The brains of the artificial intelligence will be crafted by Leicester, which plans to integrate distributed control that would dynamically interact in real-time to affect coordinated maneuvers and engine control. The Leicester software would fuse the data streams of large arrays of redundant microsensors to move the microactuator arrays for control-jet management.
In the movie Stealth, a lightning strike "rewires" the craft's artificial intelligence. The Universities of Nottingham, Wales Swansea and York are working on eliminating that possibility in the Flaviir craft.
The goal is to design complex, repetitive patterns of small gaps, slots, cables and wires to be able to harness carbon fiber structures to cancel the effects of electromagnetic pulses by absorbing them without damaging the electronics. Nottingham is modeling the small-scale electrical devices to be used within the large-scale structures of the aircraft. Swansea will model the hybrid mesh, and York will model the materials.
Manufacturing techniques that reduce costs by reinforcing fabrics with laminates, stitching and tufting will be developed at Cranfield University.
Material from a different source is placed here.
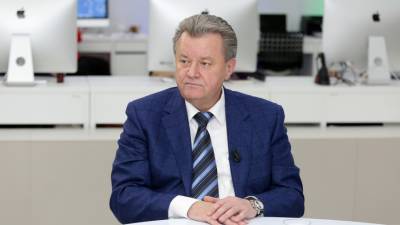 Мэр Нижневартовска ушел в отставку из-за проверки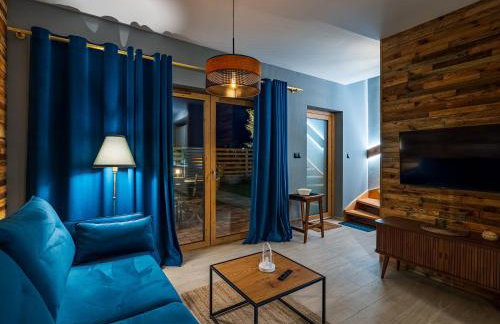 Pod Lasem Apartamenty - Foto 45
Warwick University will develop low-volume tooling techniques that enable the UAVs to be heavily modified for each application while keeping the costs as low as if a standard model were being mass produced.
Direct laser fabrication techniques, developed at the University of Liverpool, will integrate both physical reinforcing and electronic shielding within the carbon fiber exterior material. The University of Southampton will create a computer-aided design system that will allow what-if scenarios to determine the cost of integration trade-offs based on complexity, function and mission importance.
Cranfield University is managing the entire project. Its responsibilities include feeding back problem areas in integration issues to the original design teams so errors can be corrected. The Cranfield team will also evaluate the ideas that the other teams come up with during the design phase so that the design can be upgraded as experiments validate new techniques.
The Flaviir project is being linked to other aerospace research already under way in Europe, including the Puma and Msttar projects under the U.K.'s Defence and Aerospace Research Partnership (Darp). Those projects are pursuing aero-elastics and turbulence, respectively, with the intent of modeling and steadying aerodynamics and performance.